[What is needed] Make a verbatim copy of all the records. Skip every image.
┌─ Data for processing
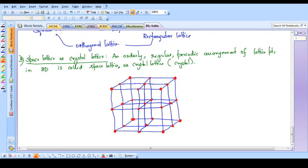This is a systematic, periodic, regular, orderly arrangement of lattice points in three dimensions. Here I have drawn only 27 lattice points, but in the real crystal there will be millions of molecules - there may be 10 to the power 20 or 10 to the power 18 number of lattice points or molecules. We cannot keep drawing all those things, therefore I have only selected a small portion of the real space lattice. This is an example of a space lattice. We will come back to the procedure for drawing this type of space lattice when we discuss the crystal structure of sodium chloride and potassium chloride.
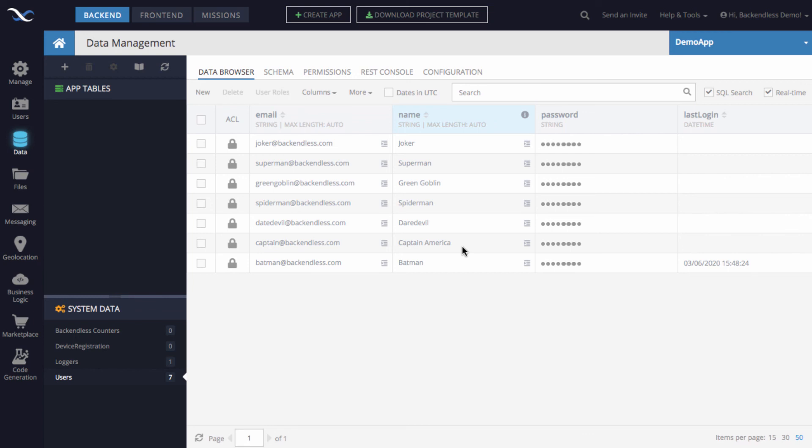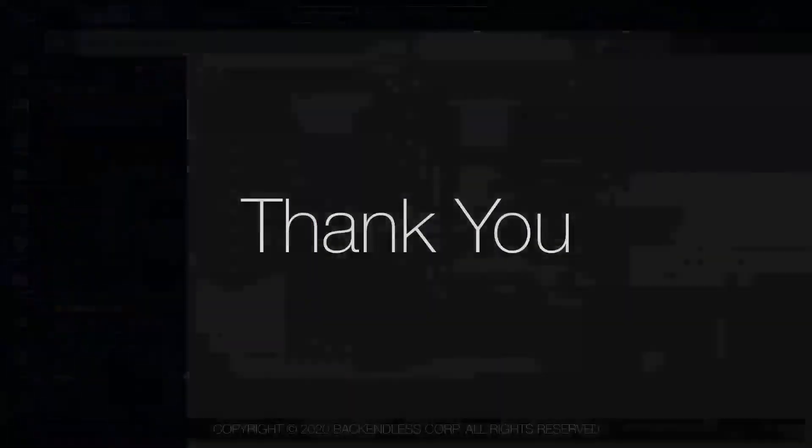We'll continue exploring the whole domain of security — watch the other videos and simply search for 'security roles' to see all of them and understand each individual element of how to work with security. I hope you found this useful. Thank you, and as always, happy coding.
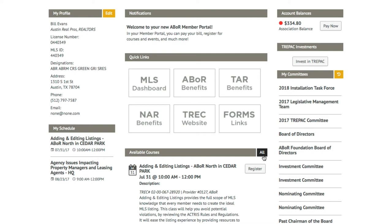You can also see what committees you are a part of. And of course, you can access the MLS and your other member benefits through your quick links. Finally, you can see your account balance and settle it by clicking Pay Now.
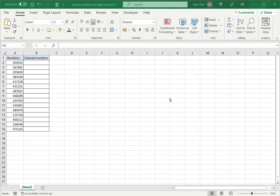Welcome to another Spreadcheaters video guide. You can find written instructions for these steps on the Spreadcheaters website. In this video we will see how to remove the last digit in Excel.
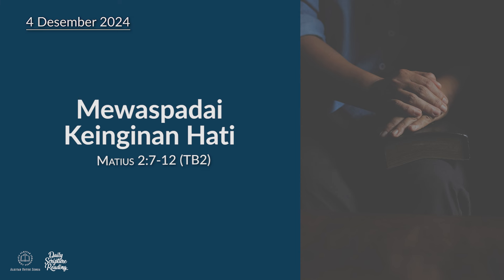Shalom, Sahabat Alkitab. Marilah kita memulai hari ini dengan perenungan akan firman Tuhan. Bacaan Alkitab kita pada hari ini diambil dari Matius Pasal yang kedua, ayat 7 sampai dengan 12.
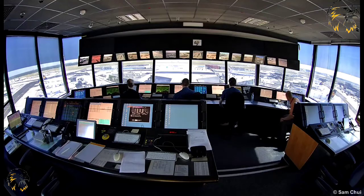For area control and approach control, two-way direct, rapid, continuous and static-free communication is provided. Aerodrome controllers are to be provided with the same facilities, although they do not need to extend beyond 25 nautical miles from the aerodrome.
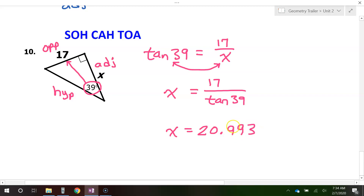And that is how you use sine, cosine, and tangent to find missing sides.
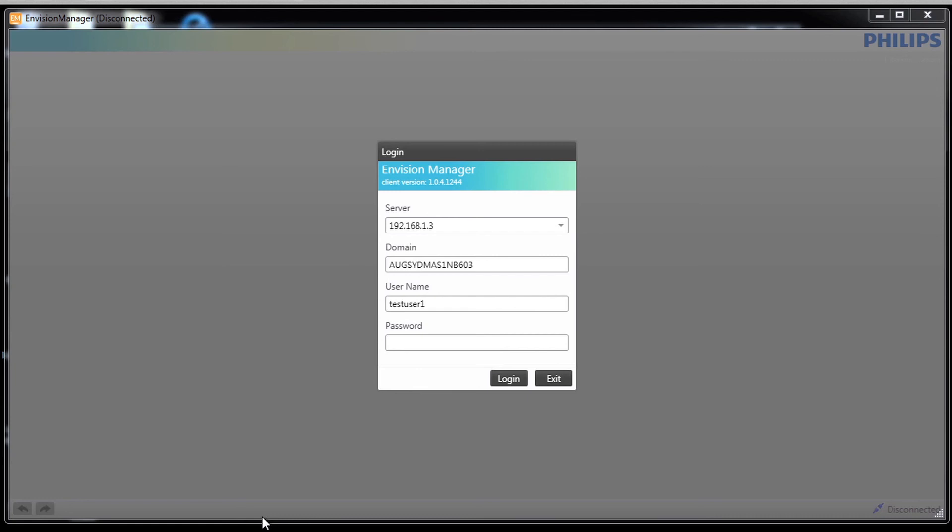That completes the install video on the InVision Manager client.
└─
[Expected output]
This is a systematic, periodic, regular, orderly arrangement of lattice points in three dimensions. Here I have drawn only 27 lattice points, but in the real crystal there will be millions of molecules - there may be 10 to the power 20 or 10 to the power 18 number of lattice points or molecules. We cannot keep drawing all those things, therefore I have only selected a small portion of the real space lattice. This is an example of a space lattice. We will come back to the procedure for drawing this type of space lattice when we discuss the crystal structure of sodium chloride and potassium chloride.
We'll continue exploring the whole domain of security — watch the other videos and simply search for 'security roles' to see all of them and understand each individual element of how to work with security. I hope you found this useful. Thank you, and as always, happy coding.
You can also see what committees you are a part of. And of course, you can access the MLS and your other member benefits through your quick links. Finally, you can see your account balance and settle it by clicking Pay Now.
Welcome to another Spreadcheaters video guide. You can find written instructions for these steps on the Spreadcheaters website. In this video we will see how to remove the last digit in Excel.
Shalom, Sahabat Alkitab. Marilah kita memulai hari ini dengan perenungan akan firman Tuhan. Bacaan Alkitab kita pada hari ini diambil dari Matius Pasal yang kedua, ayat 7 sampai dengan 12.
For area control and approach control, two-way direct, rapid, continuous and static-free communication is provided. Aerodrome controllers are to be provided with the same facilities, although they do not need to extend beyond 25 nautical miles from the aerodrome.
And that is how you use sine, cosine, and tangent to find missing sides.
That completes the install video on the InVision Manager client.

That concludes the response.